## estimating constants [survey]

Posted in Books, pictures, Statistics, University life with tags , , , , , , , , , , on February 2, 2017 by xi'an

A new survey on Bayesian inference with intractable normalising constants was posted on arXiv yesterday by Jaewoo Park and Murali Haran. A rather massive work of 58 pages, almost handy for a short course on the topic! In particular, it goes through the most common MCMC methods with a detailed description, followed by comments on components to be calibrated and the potential theoretical backup. This includes for instance the method of Liang et al. (2016) that I reviewed a few months ago. As well as the Wang-Landau technique we proposed with Yves Atchadé and Nicolas Lartillot. And the noisy MCMC of Alquier et al. (2016), also reviewed a few months ago. (The Russian Roulette solution is only mentioned very briefly as” computationally very expensive”. But still used in some illustrations. The whole area of pseudo-marginal MCMC is also missing from the picture.)

“…auxiliary variable approaches tend to be more efficient than likelihood approximation approaches, though efficiencies vary quite a bit…”

The authors distinguish between MCMC methods where the normalizing constant is approximated and those where it is omitted by an auxiliary representation. The survey also distinguishes between asymptotically exact and asymptotically inexact solutions. For instance, using a finite number of MCMC steps instead of the associated target results in an asymptotically inexact method. The question that remains open is what to do with the output, i.e., whether or not there is a way to correct for this error. In the illustration for the Ising model, the double Metropolis-Hastings version of Liang et al. (2010) achieves for instance massive computational gains, but also exhibits a persistent bias that would go undetected were it the sole method implemented. This aspect of approximate inference is not really explored in the paper, but constitutes a major issue for modern statistics (and machine learning as well, when inference is taken into account.)

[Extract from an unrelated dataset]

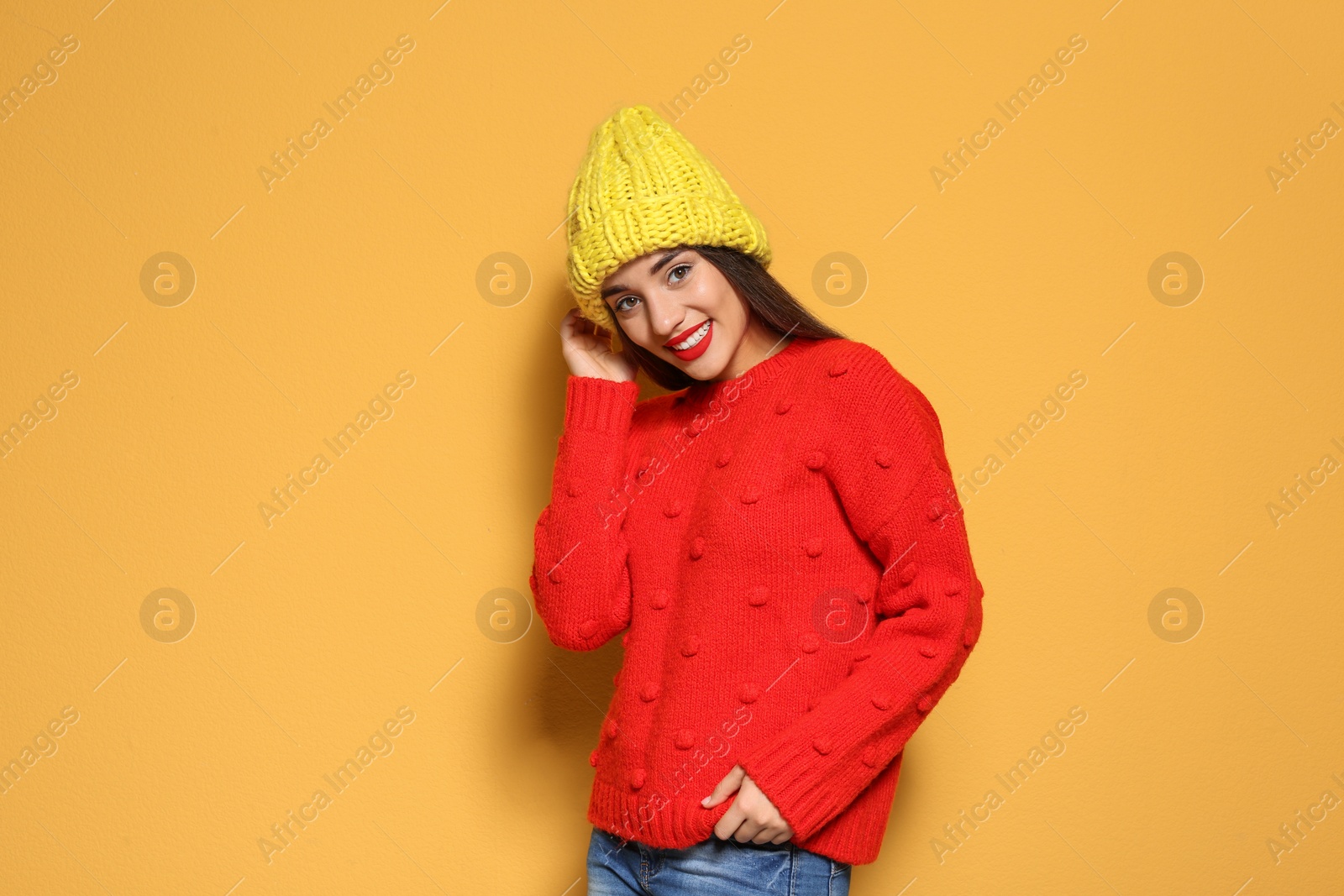 Photo of Young woman in warm sweater and knitted hat on color background. Celebrating Christmas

In conclusion, this survey provides a serious exploration of recent MCMC methods. It begs for a second part involving particle filters, which have often proven to be faster and more efficient than MCMC methods, at least in state space models. In that regard, Nicolas Chopin and James Ridgway examined further techniques when calling to leave the Pima Indians [dataset] alone.

## recycling Gibbs auxiliaries [a reply]

Posted in Books, pictures, Statistics, University life with tags , , , , , , , on January 3, 2017 by xi'an

[Here is a reply sent to me by Luca Martino, Victor Elvira, and Gustau Camp-Vallis, after my earlier comments on their paper.]

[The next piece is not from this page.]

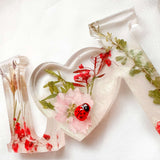 Close-up of real foraged garden greenery and red ladybug charms in resin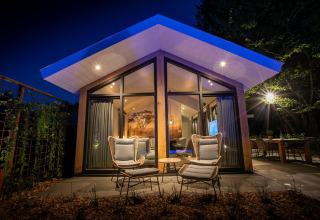 Vista nocturna de Pool Lodge en De Thijmse Berg, Países Bajos, con arquitectura moderna y luz cálida.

We provide our contribution to the discussion, reporting our experience with the application of Metropolis-within-Gibbs schemes. Since in literature there are miscellaneous opinions, we want to point out the following considerations:

– according to our experience, the use of M>1 steps of the Metropolis-Hastings (MH) method for drawing from each full-conditional (with or without recycling), decreases the MSE of the estimation (see code Ex1-Ex2 and related Figure 7(b) and Figures 8). If the corresponding full conditional is very concentrated, one possible solution is to applied an adaptive or automatic MH for drawing from this full-conditional (it can require the use of M internal steps; see references in Section 3.2).

– Fixing the number of evaluations of the posterior, the comparison between a longer Gibbs chain with a single step of MH and a shorter Gibbs chain with M>1 steps of MH per each full-conditional, is required. Generally, there is no clear winner. The better performance depends on different aspects: the specific scenario, if and adaptive MH is employed or not, if the recycling is applied or not (see Figure 10(a) and the corresponding code Ex2).

The previous considerations are supported/endorsed by several authors (see the references in Section 3.2). In order to highlight the number of controversial opinions about the MH-within-Gibbs implementation, we report a last observation:

– If it is possible to draw directly from the full-conditionals, of course this is the best scenario (this is our belief). Remarkably, as also reported in Chapter 1, page 393 of the book “Monte Carlo Statistical Methods”, C. Robert and Casella, 2004, some authors have found that a “bad” choice of the proposal function in the MH step (i.e., different from the full conditional, or a poor approximation of it) can improve the performance of the MH-within-Gibbs sampler. Namely, they assert that a more “precise” approximation of the full-conditional does not necessarily improve the overall performance. In our opinion, this is possibly due to the fact that the acceptance rate in the MH step (lower than 1) induces an “accidental” random scan of the components of the target pdf in the Gibbs sampler, which can improve the performance in some cases. In our work, for the simplicity, we only focus on the deterministic scan. However, a random scan could be also considered.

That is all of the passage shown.